A native of Shiogama, Miyagi Prefecture and graduate of Tohoku Gakuin University, he was first elected to the assembly of Miyagi Prefecture in 1983. During his second term as an assemblyman, he contested the national House of Councillors election in 1989 as an independent but was defeated. He was elected to the House of Representatives in the national Diet as a member of the Liberal Democratic Party in the 1996 general election, representing Miyagi District No.2. In the 2000 general election he was defeated in his district by Sayuri Kamata. In the 2003 general election he was again defeated by Kamata in Miyagi No.2, but was elected to return to the House of Representatives as a member for the Tōhoku proportional block. He retained his seat in the 2005 general election and was appointed Senior Vice-Minister of Economy, Trade and Industry in Shinzo Abe's first ministry in 2007. He contested his seat in the 2009 general election as a Liberal Democratic Party candidate and with an endorsement from the Komeito Party, but lost his seat as the LDP lost a general election for the first time since the party was formed in 1955.

Nakano contested the July 2010 House of Councillors election but was unable to win a seat in the national proportional representation block.
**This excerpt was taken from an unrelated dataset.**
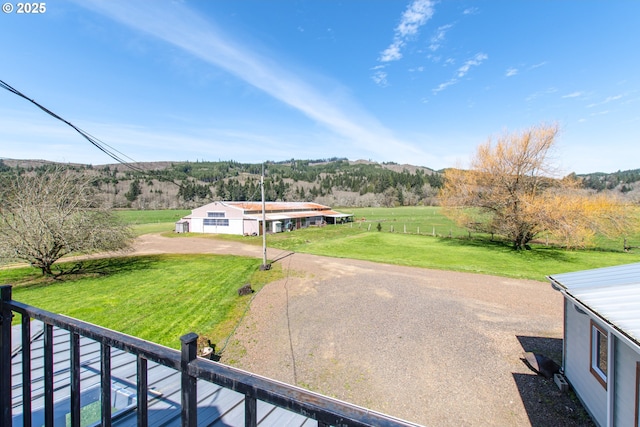 471 Barr Rd, Grays River, WA 98621 - view of front facade with a mountain view and a front yard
In 2012 he was appointed as Miyagi No.2 district leader of the Sunrise Party and resigned from the LDP. Following the Sunrise Party's merger with the Japan Restoration Party in November 2012, Nakano was elected to the national proportional representation block as a JRP member in the July 2013 House of Councillors election. With JRP's split in August 2014 he joined the newly formed Party for Future Generations. He was appointed as the party's secretary-general in November 2015. In December 2015 the party changed its name to the Party for Japanese Kokoro.

In November 2018, the Party for Japanese Kokoro dissolved, and Nakano returned to the LDP.